==== DATA FOR ANALYSIS ====

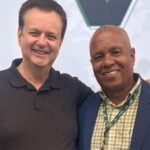 Ao lado de Kassab, Juiz João participa de Congresso da Associação Paulista de Municípios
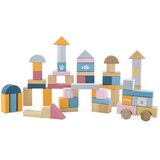Viga Set od 60 drvenih geometrijskih oblika Polar B | Eponuda.ba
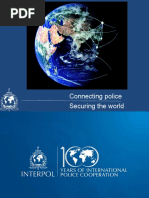 Connecting Police Securing The World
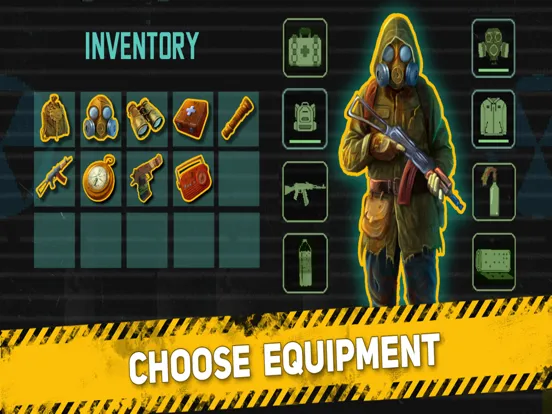 Pocket Survivor: Expansion 2d iPad 應用截圖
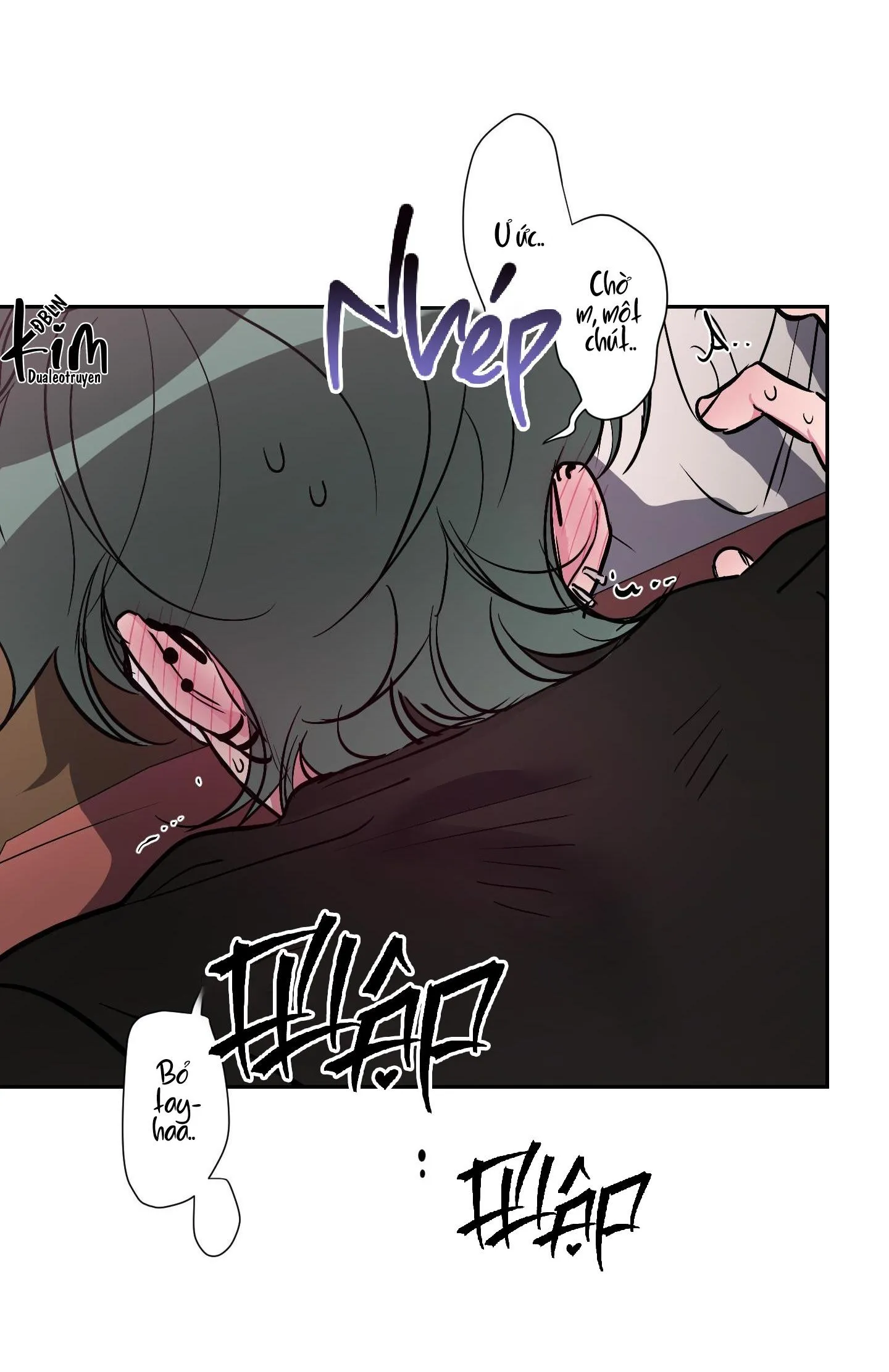 ANH, HÌNH NHƯ EM TĂNG CÂN RỒI Chapter 8 Trang 63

====

→ **EXERCISE DESCRIPTION**:
Please retype exactly the lines from the line containing "Pocket Survivor: Expansion 2d iPad 應用截圖" through the final line of the records above, inclusive, leaving out any pictures.

→ **RESPONSE TO THE TASK**:
 Pocket Survivor: Expansion 2d iPad 應用截圖
 ANH, HÌNH NHƯ EM TĂNG CÂN RỒI Chapter 8 Trang 63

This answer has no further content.